> _WHAT NEEDS TO BE DONE_
A faithful copy is required: transcribe each line below exactly, minus the pictures.

**** COLLECTED DATA ****

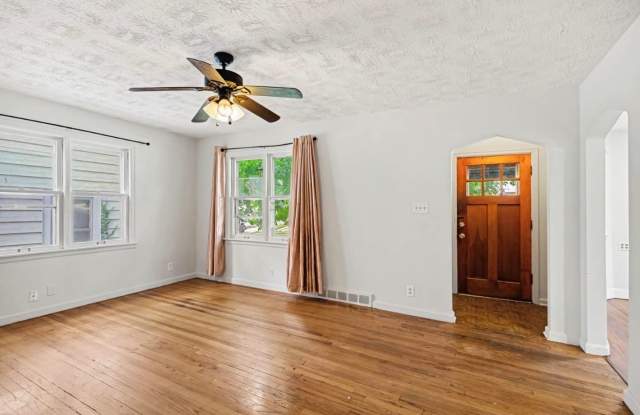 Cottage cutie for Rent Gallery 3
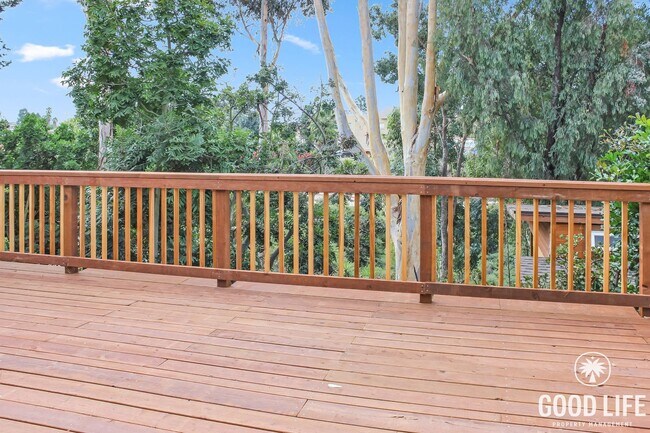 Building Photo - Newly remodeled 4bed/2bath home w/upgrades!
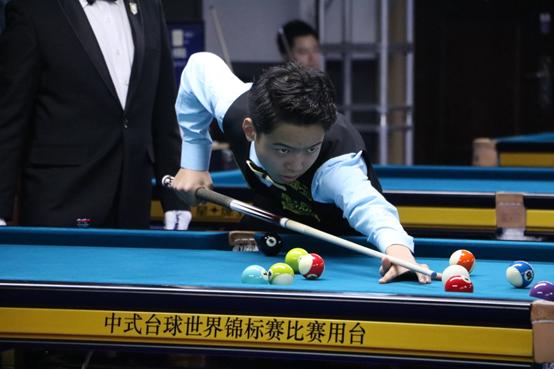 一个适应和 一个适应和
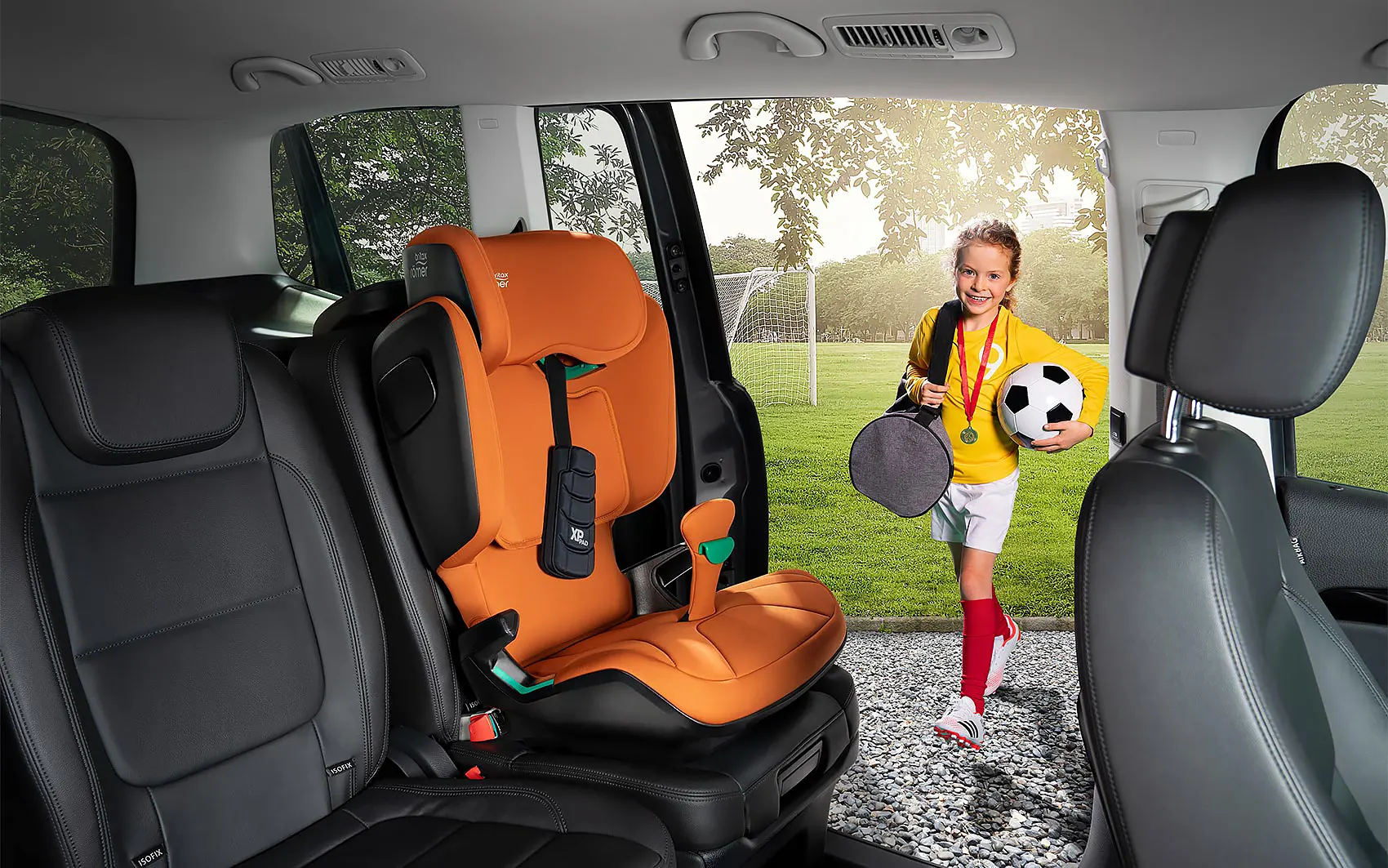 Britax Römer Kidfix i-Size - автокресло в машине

****

> _ANSWER BOX_
 Cottage cutie for Rent Gallery 3
 Building Photo - Newly remodeled 4bed/2bath home w/upgrades!
 一个适应和 一个适应和
 Britax Römer Kidfix i-Size - автокресло в машине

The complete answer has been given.